§ Task prompt
Print exactly the lines that run from the one containing "Bbq|ohgreen Gasbarbecue 4 Series Onyx S" to the final line of the data, both included, and print none of the pictures.

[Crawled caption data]
---
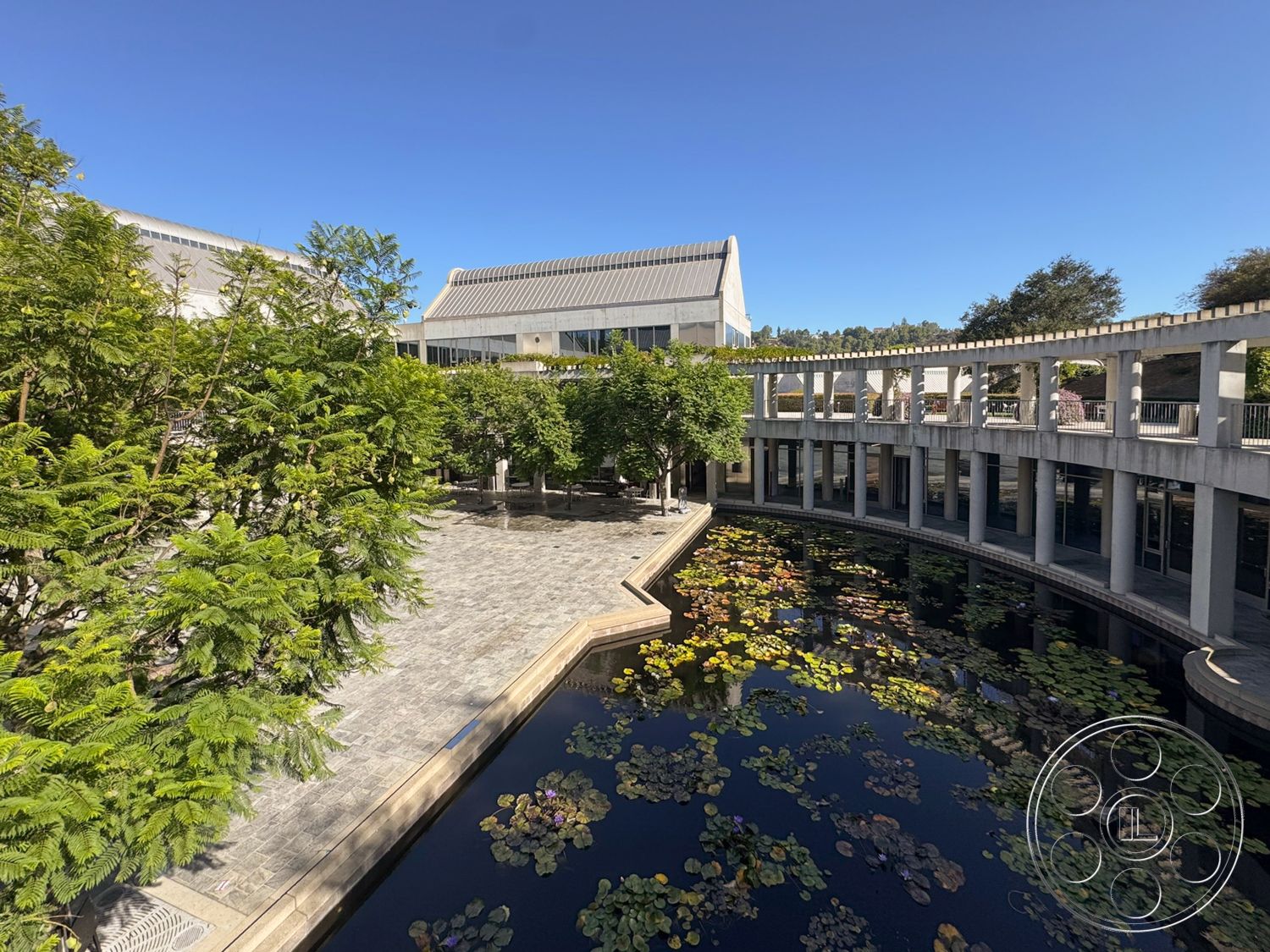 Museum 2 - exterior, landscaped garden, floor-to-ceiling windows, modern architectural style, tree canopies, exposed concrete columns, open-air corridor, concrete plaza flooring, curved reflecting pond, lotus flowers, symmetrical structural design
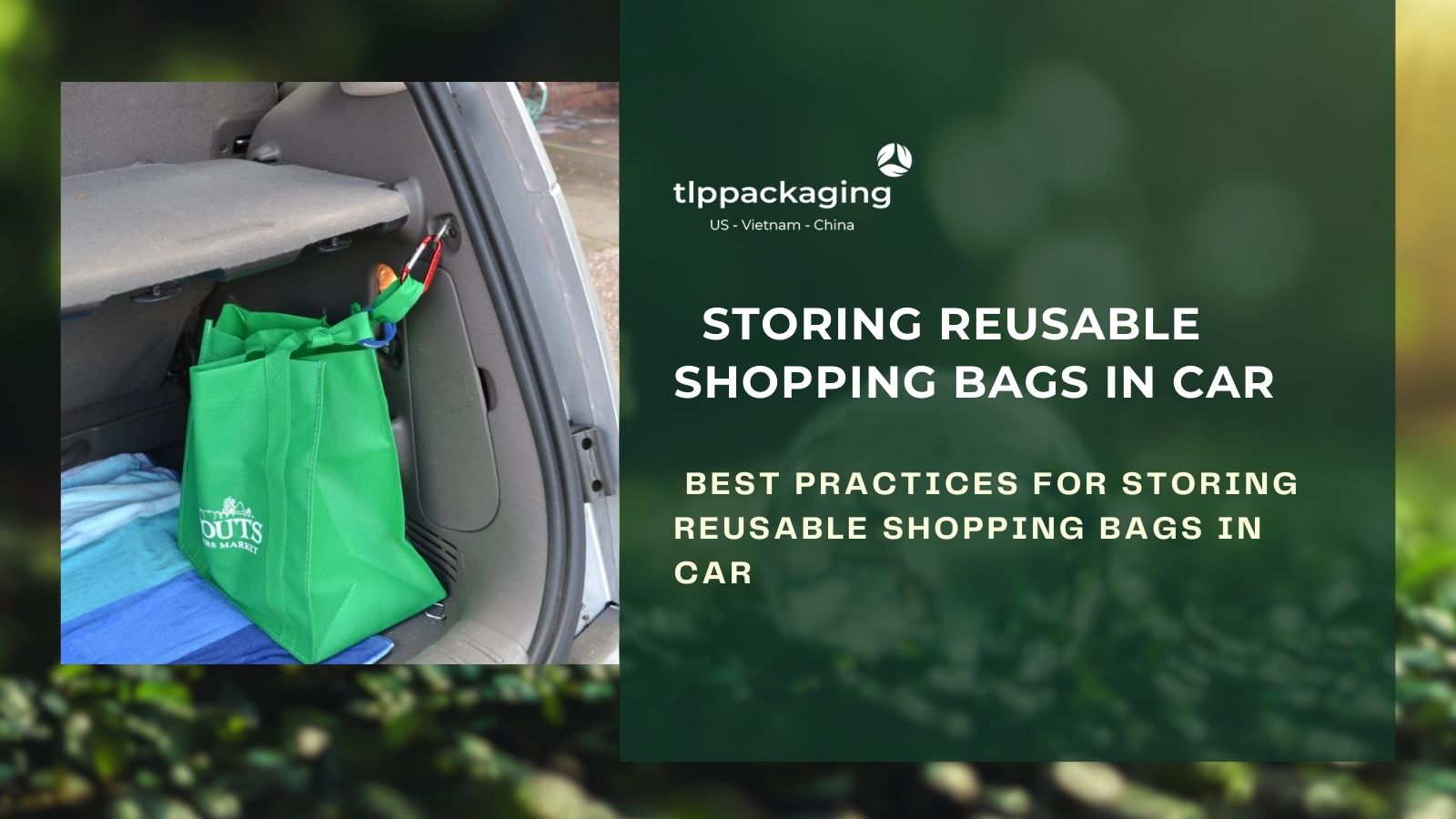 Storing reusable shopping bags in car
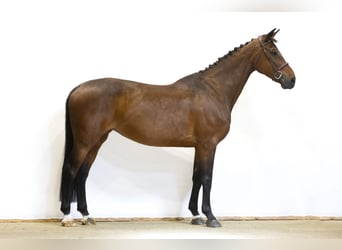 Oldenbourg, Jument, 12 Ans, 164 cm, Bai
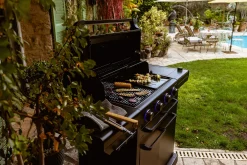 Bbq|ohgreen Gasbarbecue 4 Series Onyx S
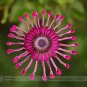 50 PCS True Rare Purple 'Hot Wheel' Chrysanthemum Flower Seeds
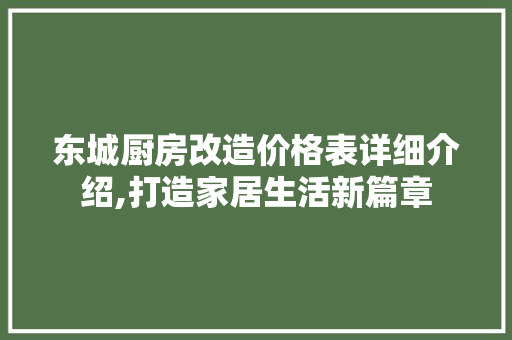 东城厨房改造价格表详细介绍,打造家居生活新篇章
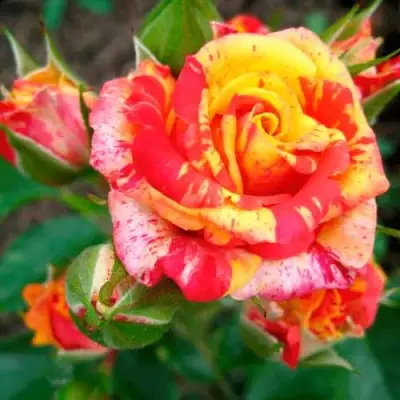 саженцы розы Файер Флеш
---
§ Output below
 Bbq|ohgreen Gasbarbecue 4 Series Onyx S
 50 PCS True Rare Purple 'Hot Wheel' Chrysanthemum Flower Seeds
 东城厨房改造价格表详细介绍,打造家居生活新篇章
 саженцы розы Файер Флеш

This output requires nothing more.